Building the new recipe engine required two parallel projects: a new machine learning model trained to look through and select recipes from a corpus of millions of online recipes and a new inference engine to ensure each request Alexa receives is appended with de-identified personal and contextual data. “We broke it down, just like any other process of building software,” Tran says. “We wrote our plan, identified the tasks, and then decided whether each task was best handled by a scientist or an engineer, or maybe a combination of both working together.”

Tran says the scientists on the team largely focused on the machine learning model. They started by researching all existing, publicly available ML approaches to recipe recommendation — cataloguing the model types and narrowing them down based on what they believed would perform best. “The scientists looked at a lot of different approaches — Bayesian models, graph-based models, cross-domain models, neural networks, and collaborative filtering — and settled on a set of six models they felt would be best for us to try,” Tran explains. “That helped us quickly narrow down without having to exhaustively try every potential model approach.”

The engineers, meanwhile, got to work designing and building the new inference engine to better capture and analyze user signals, both implicit (e.g., time of day) and explicit (whether the user asked for a dinner or lunch recipe). “You don’t want to recommend cocktail recipes at breakfast time, but sometimes people want to eat pancakes for dinner,” jokes Tran.

Related content
A new method based on Transformers and trained with self-supervised learning achieves state-of-the-art performance.

The inference engine had to be built to accommodate queries from existing users and new users who’ve never asked for a recipe recommendation. Performance and privacy were key requirements. The engineering team had to design and deploy the engine to optimize throughput while minimizing computation and storage costs and complying with customer requests to delete personal information from their histories.

Once the new inference engine was ready, the engineers integrated it with the six ML models built and trained by the scientists, connected it to the new front-end interface built by the design team, and tested the models against each other to compare the results. Tran says all six models improved conversion (a “conversion event” is triggered when a user selects a recommended recipe) vs. baseline recommendations, but one model outperformed others by more than 100%. The team selected that model, which is in production today.

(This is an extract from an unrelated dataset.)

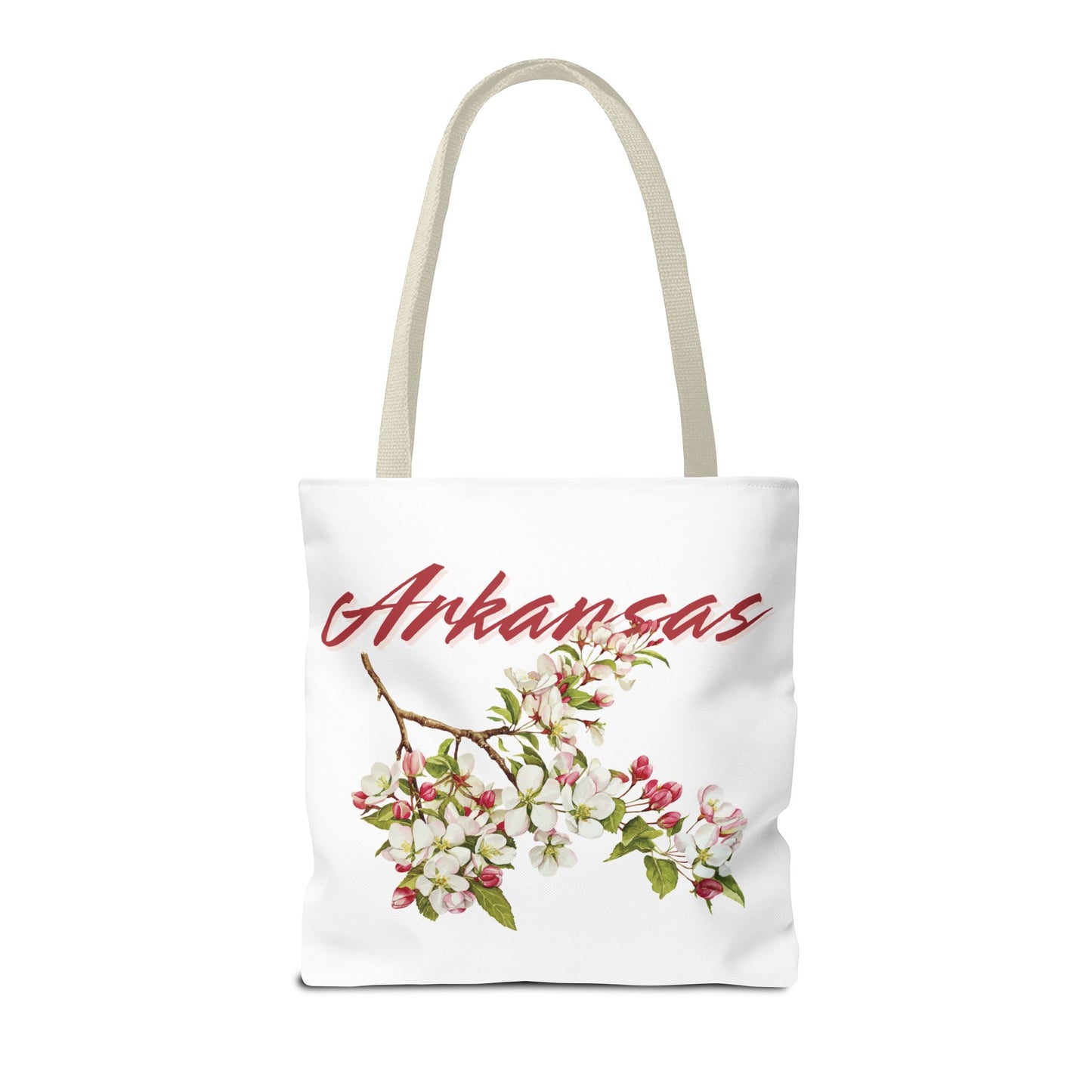 Arkansas Apple Blossom Tote Bag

The recipe project doesn’t end here, though. Now that it’s live and in production, there’s a process of continual improvement. “We’re always learning from customer behavior. Which are the recipes that customers were really happy with? And which are the ones they never pick?” Tran says. “There's continued collaboration between engineers and scientists on that, as well, to refine the solution.”

The future: Alexa engineering powered by science

To further accelerate Alexa innovation, Amazon formed the Alexa Principal Community — a matrixed team of several hundred engineers and scientists who work on and contribute to Alexa and Alexa-related technologies. “We have people from all parts of the company, regardless of who they report to,” adds Tran. “What brings us together is that we’re working together on the technologies behind Alexa, which is fantastic.”

Related content
A behind-the-scenes look at the unique challenges the engineering teams faced, and how they used scientific research to drive fundamental innovation to overcome those challenges.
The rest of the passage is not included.